O advogado Carlos Alberto Martins foi preso no fim da tarde de ontem em Lençóis Paulista (43 quilômetros de Bauru) pelo suposto envolvimento no esquema da fraude milionária em torno do pagamento de perdas acumuladas dos planos econômicos Collor e Verão. O advogado, que já foi vereador de Lençóis por dois mandatos e candidato a deputado federal, é apontado como o líder da quadrilha e, de acordo com as investigações, usava até mesmo um instituto no esquema.

A investigação, que teve início em agosto de 2010, estuda um esquema de fraude que teria começado ainda em 2006, com a apropriação ilegal de documentos sigilosos de agências bancárias (extratos).

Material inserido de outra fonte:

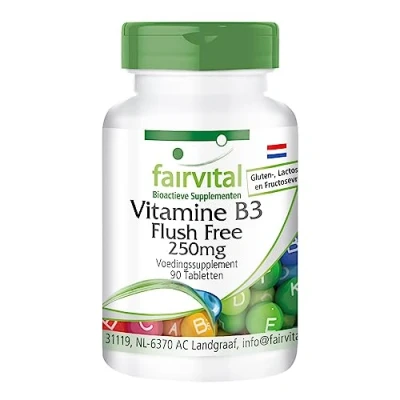 Afbeelding van Fairvital Vitamine B3 tabletten flush free 250mg HOOG GEDOSEERD VEGAN 90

A estimativa é de que a fraude gire em torno de R$ 20 milhões.

Esses documentos teriam sido vendidos à suposta quadrilha de advogados, que os utilizava para receber dinheiro em nome de pessoas que tinham direito a perdas da caderneta de poupança acumuladas na época dos planos econômicos Collor e Verão. Para receber os valores, os fraudadores (cujos nomes não foram divulgados pela Justiça) faziam uso de endereços fictícios. Na maioria dos casos, os verdadeiros beneficiários nem sabiam que tinham direito a receber tais pagamentos.

Na última quinta-feira, promotores do Grupo de Atuação Especial de Repressão ao Crime Organizado (Gaeco) do Ministério Público Estadual (MPE), com o apoio da Polícia Militar (PM), cumpriram vários mandados de busca e apreensão em Bauru, Lençóis Paulista, Osasco e São Paulo. Apesar de ninguém ter sido detido, vários documentos e computadores foram apreendidos.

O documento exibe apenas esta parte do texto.